一般的に、先進的なグローバル企業は中国やASEANなどのアジア新興国市場に日本企業よりも20年は早く出たというふうに言われています。消費財の分野、業界ですと、1980年代からネスレやユニリーバ、P&GなどがASEANの市場、アジアの市場に出ている、進出している。一方で、日本企業というのは生産拠点としての進出はもちろん早かったんですが、アジア新興国をマーケットとして捉える進出はだいぶ遅れた。マーケットとして中国やASEANを市場として捉えた時期はだいたい2000年代前半というふうに言われています。しかし、本当の意味でこのアジア新興国市場をマーケットとして捉えるということがマストになってきて、そして、マストになってくるということは、人・もの・金・情報などの経営資源を一気に投下をしていきますので、そういったことを始めたのは本当にこの近年だというふうに思います。この20年のギャップ、差というのは、なぜ欧米の先進的なグローバル企業と日本企業の間に存在してしまうのか。ここをしっかりと理解しないと、この後待っているメコン経済圏やインド、そしてアフリカの市場に関しても、やはり日本は出遅れてしまい、アジア新興国と同じ、なかなかマーケットに入って先駆者利益を取っていくということができなくなってしまう。一方で、この理由をしっかり学べば、中国やASEAN、アジア新興国市場で出遅れた失敗を次のインドやアフリカで取り戻せるかもしれない。そんなふうなことを考えながら今日はお話をしていきたいと思います。
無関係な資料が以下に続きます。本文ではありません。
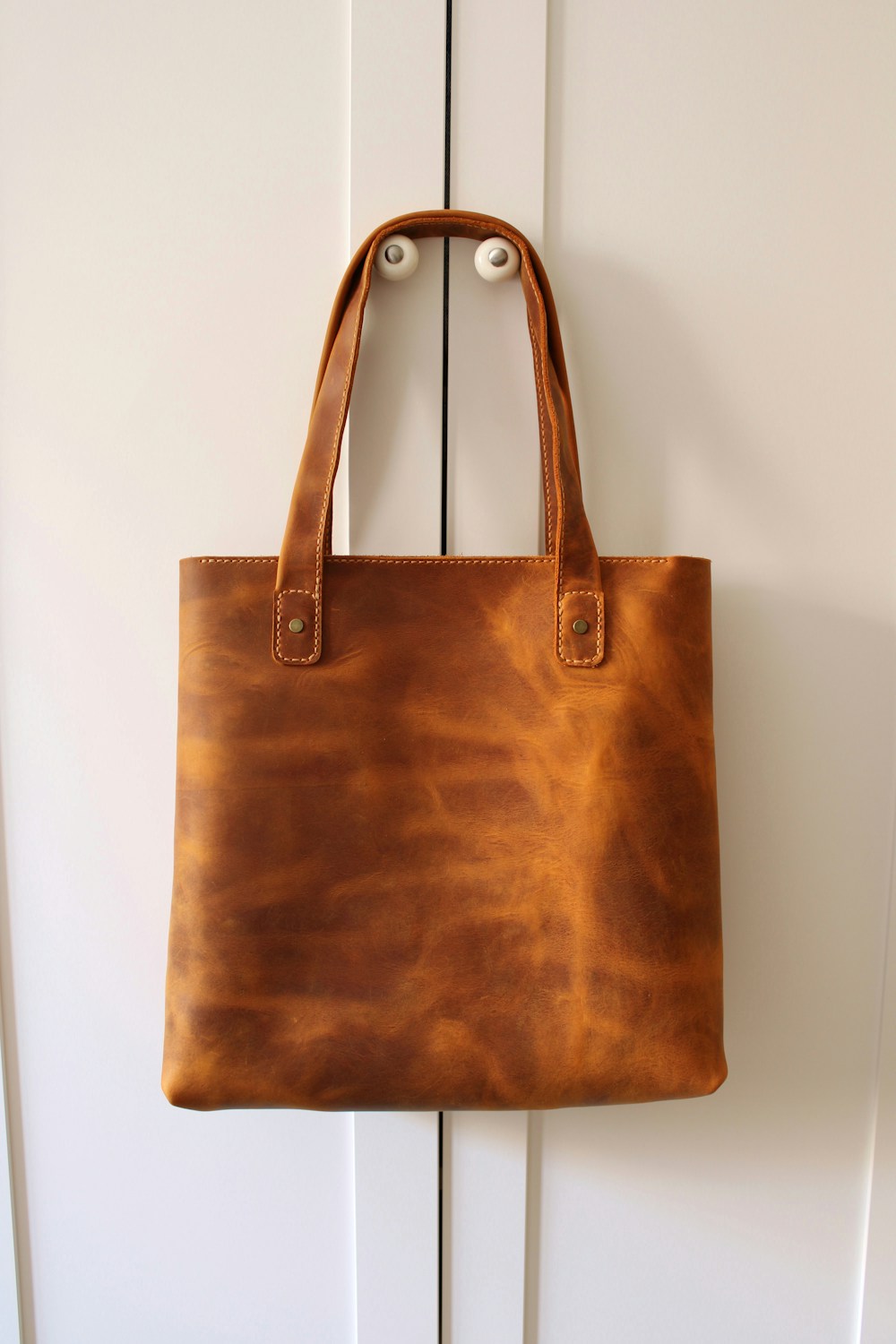 Ochre Leather Shopper Tote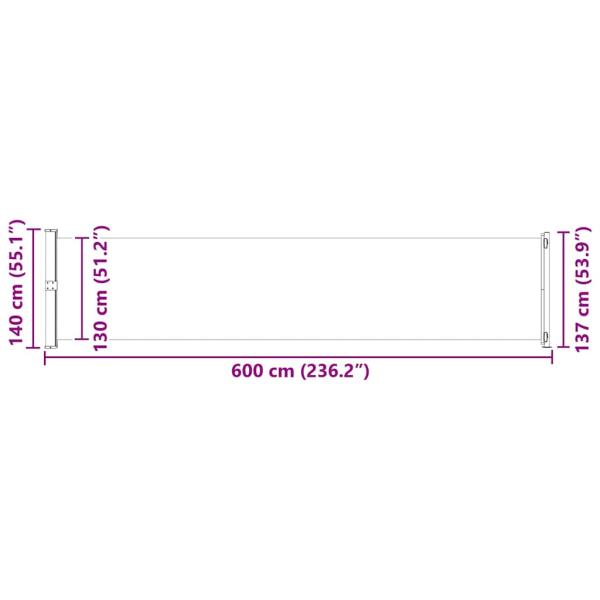 Ausziehbare Seitenmarkise 140x600 cm Creme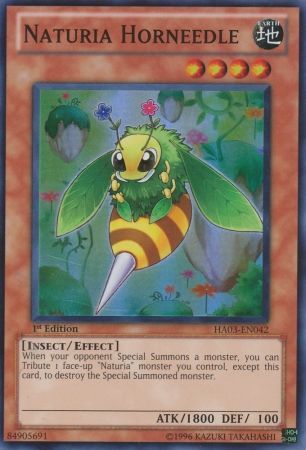 Naturia Horneedle - HA03-EN042 - Super Rare - 1st Edition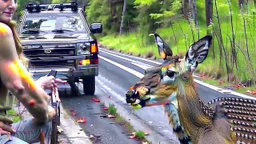 upset lady points gun at sleeping deer on the highway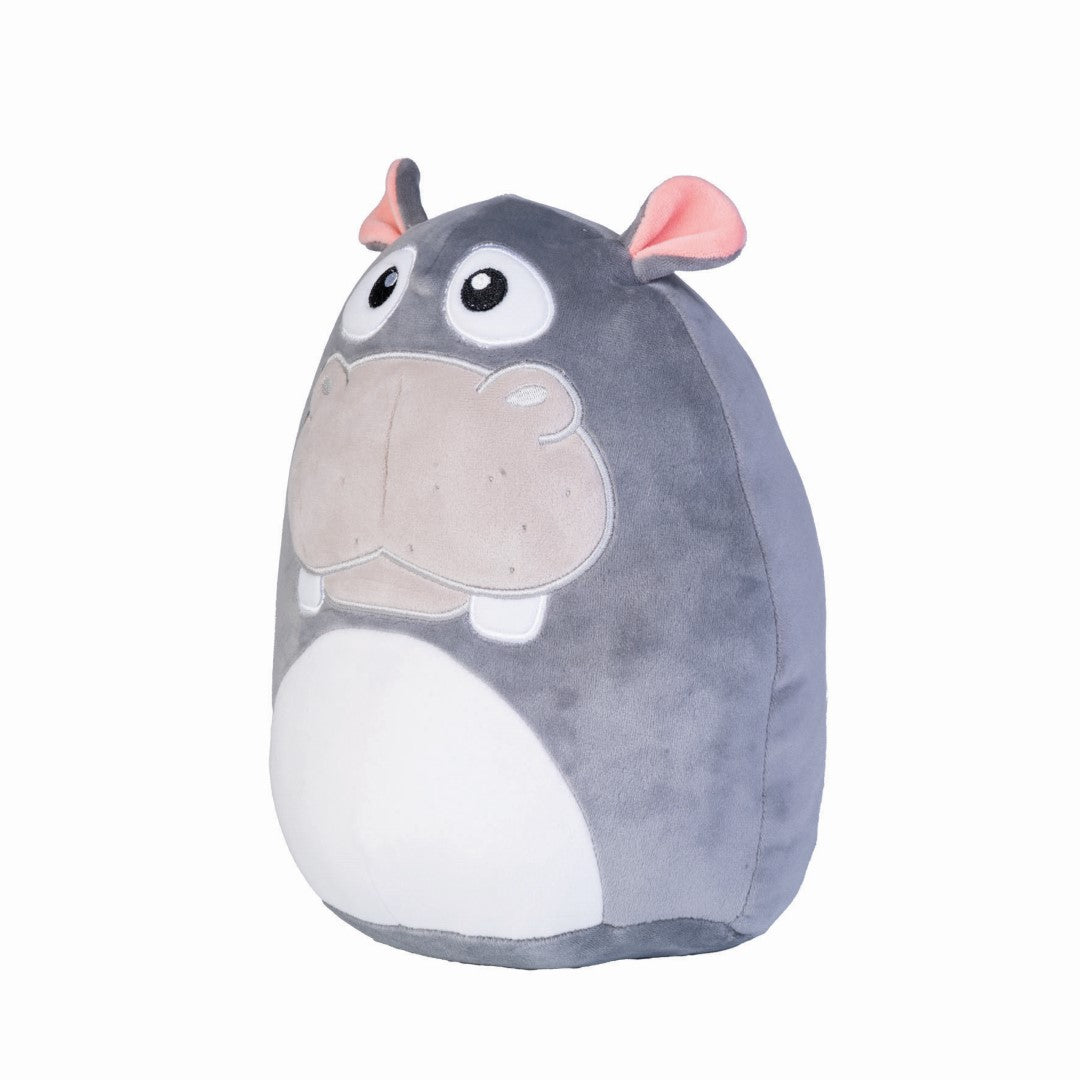 Cuddly plush hippo cushion in soft velour, measuring 22cm, perfect for squishy hugs and comfy décor.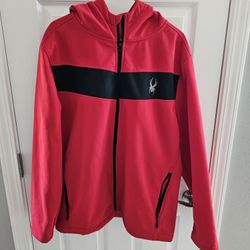 Spyder Men's Full Zip Hooded Soft Shell Jacket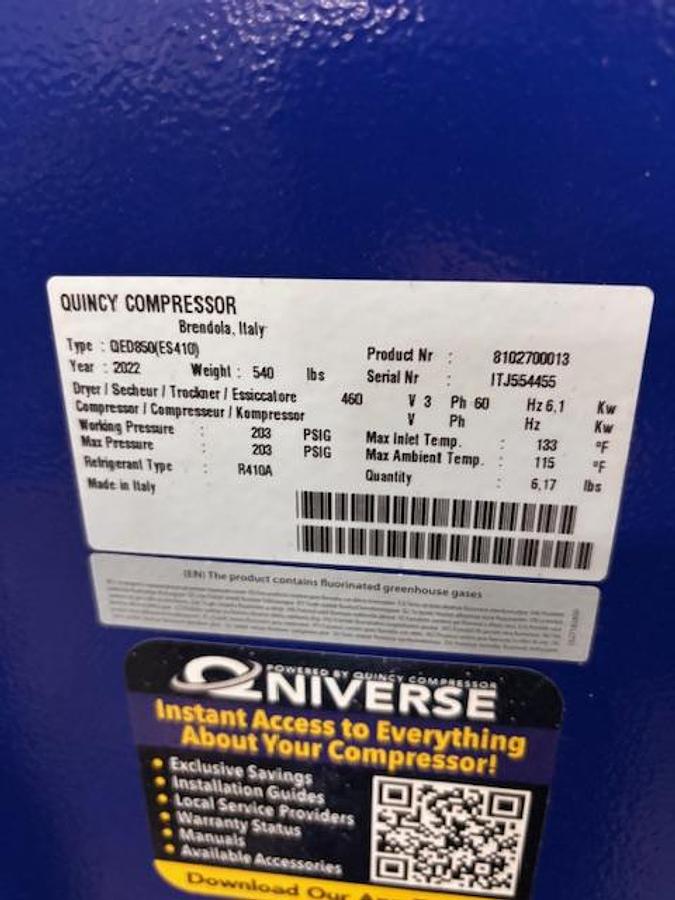 Used QUINCY TYPE QED850 (ES410) AIR DRYER MANUFACTURED 2022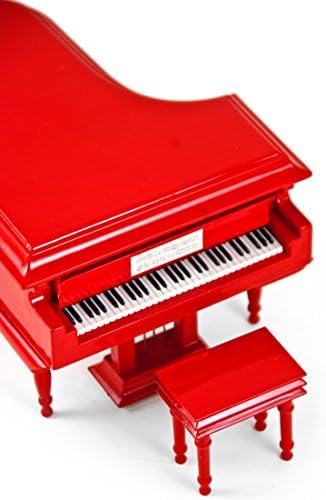 Sofisticirana 18 Napomena Minijaturni muzički hi - Gloss Fire motor Crveni Grand Piano sa klupom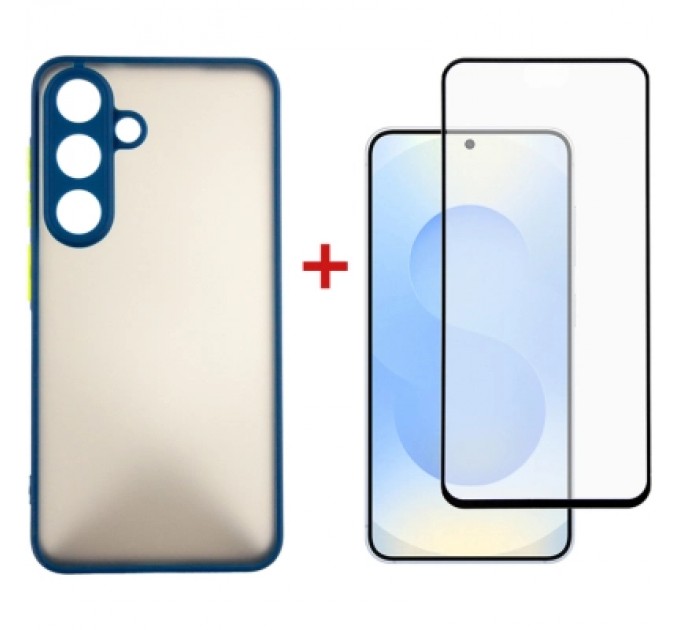 Dengos Чохол до мобільного телефона Dengos Kit Samsung Galaxy S25 Matte + glass (Blue) (DG-KM-142)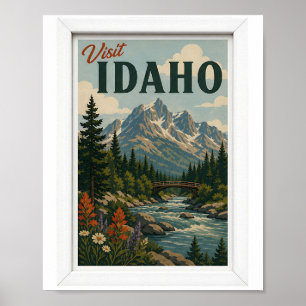 Besuch Idaho Reise Vintage Poster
同じ企業、同じ人間でなぜ欧米の先進的なグローバル企業は早く決められて、われわれ日本企業はなかなか決められないのか、ということなんですが、アジアでは時折日本のビジネスマンを「NATOだ」というふうに少し小ばかにする言い方がされることがあります。NATO、N、A、T、Oですね、これは「No Action Only Talk」の略なわけですけども、日本企業は結局、Action、行動はしないよね、しゃべるばっかりだよねということを非常に言われて、「日本企業はNATOだ、NATOだ」と。また、昔は、アジア新興国はもっともっと貧困であった時代は、日本企業が行くと、中国なんかもそうですけど、20年30年前なんていうのは横断幕が張られて「熱烈歓迎!」というような、「ぜひ来てください!」と、「私たちの工場見に来てください」「私たちの会社見に来てください」と、こんな歓迎をされたわけですけども、最近では、「もう来ないで」と、「何しに来るの?」と、「どうせ決めないんでしょう?」というようなことを言われるケースが非常に多い。例えば、シリコンバレーと並んで、深センなどは、今、ITテクノロジー系のテンセントを中心に非常に先進的な町になっていますが、そういったところにシリコンバレーの企業を見て回るような、同じようなツアーを組んで日本企業はたくさん行くわけなんですけども、最近はもう、来ても何も決めないで、ただ、勉強して話を聞いて帰っていく。日本企業から何か話をするわけでもなく、ただひたすら聞いて、「すごいな。うわー、こんなのなんだ。すごいな」と言って帰っていく。特段、投資をするわけでもなし、一緒に何か事業するわけでもなしと。「もう、日本企業来ないでくれ」と、「来るんだったら手間なのでお金払ってくれ」と、「ツアー代払ってくれ」みたいなことを言われてたりもするぐらいに決めないと。私も仕事柄、ASEAN、アジアのディストリビューターと会うことが非常に多いんですが、やはり日本のメーカーは、「They are still sleeping.」だというふうに言われたりする。まだ寝ているんだと。結局、日本の自国のマーケットがあまりにもデカかったので、アジア新興国をマーケットとして捉えられずに寝ちゃっていると。Half sleepingとかって、そんなふうに言われて、日本のメーカーを少し小ばかにするというようなのはしょっちゅう耳にします。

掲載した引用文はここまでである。